There are many ways.
For a beginner, as strength gains can be very fast – sometimes say 5% a week for sustained periods – it is entirely workable to add a rep per week until reaching some figure, then adding weight and building reps back up again. As noted, this shouldn’t be to an extreme such as down to 2 reps.
Those who have already increased their strength greatly from their starting point are not generally going to see sustained strength increases as fast as 2-5% per week, which is what an added rep typically represents.
There are many methods.
There is a lot to be said for periodization: that is to say, not training at the same percent 1RM all the time, but in a programmed plan.
For example, if following the Wendler 5-3-1 plan, week 1 works up to 77% 1RM (if not employing the arithmetical gymnastics), week 2 works up to 81%, week 3 works up to 86%, and week 4 is a deload week.
Then next time around some modest weight is added. Or in other words, weight is added per 4 weeks, not per 1 week, but every workout is heavier than the last workout that was at the same percent 1RM.

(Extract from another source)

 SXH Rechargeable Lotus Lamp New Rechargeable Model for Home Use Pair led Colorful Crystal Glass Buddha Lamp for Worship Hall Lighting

Or another example, I used to follow a progression from Scott Warman where training cycles started at 60% 1RM for 2 sets of 9 in each exercise, and added 5% 1RM each week till ending at 2 sets of 3 at 90%. The nominal 1RM (used for calculations) would then go up for the next cycle. Again, each workout is at differing percent 1RM, and that weight is always heavier than the last time that percentage was used.
Or presently I follow a system where an Excel spreadsheet has a column (call it A) for starting 1RM’s or values used for such that were correct at a point a while back, then a column B which originally was simply a copy of Column A but is allowed to be tweaked as appropriate though not to values less than in A.
There is a cell for the number of weeks into the program, the multiple of increase aimed for per week (I am using 1.008), and that increase raised to the power of the number of weeks. So for example, 10 weeks later, that cell will have the value of about 1.08 (actually 1.083 due to compounding). That actually is a very aggressive rate. Matching it is good success.
A column C then has the Column B figures multiplied by this planned strength increase, for each percent 1RM I might want to do.
I can then do any workout program, changing on the fly if need be, with weights that increase slightly with time.
Yes, this requires actually writing things down and planning, and I know that many have gotten big and strong with no writing or planning and don’t want to do any. But if dealing with the question of how to add weights when strength isn’t increasing as fast as 1 rep per week or 5 lb per week, then these ways which do involve planning and writing can be very useful.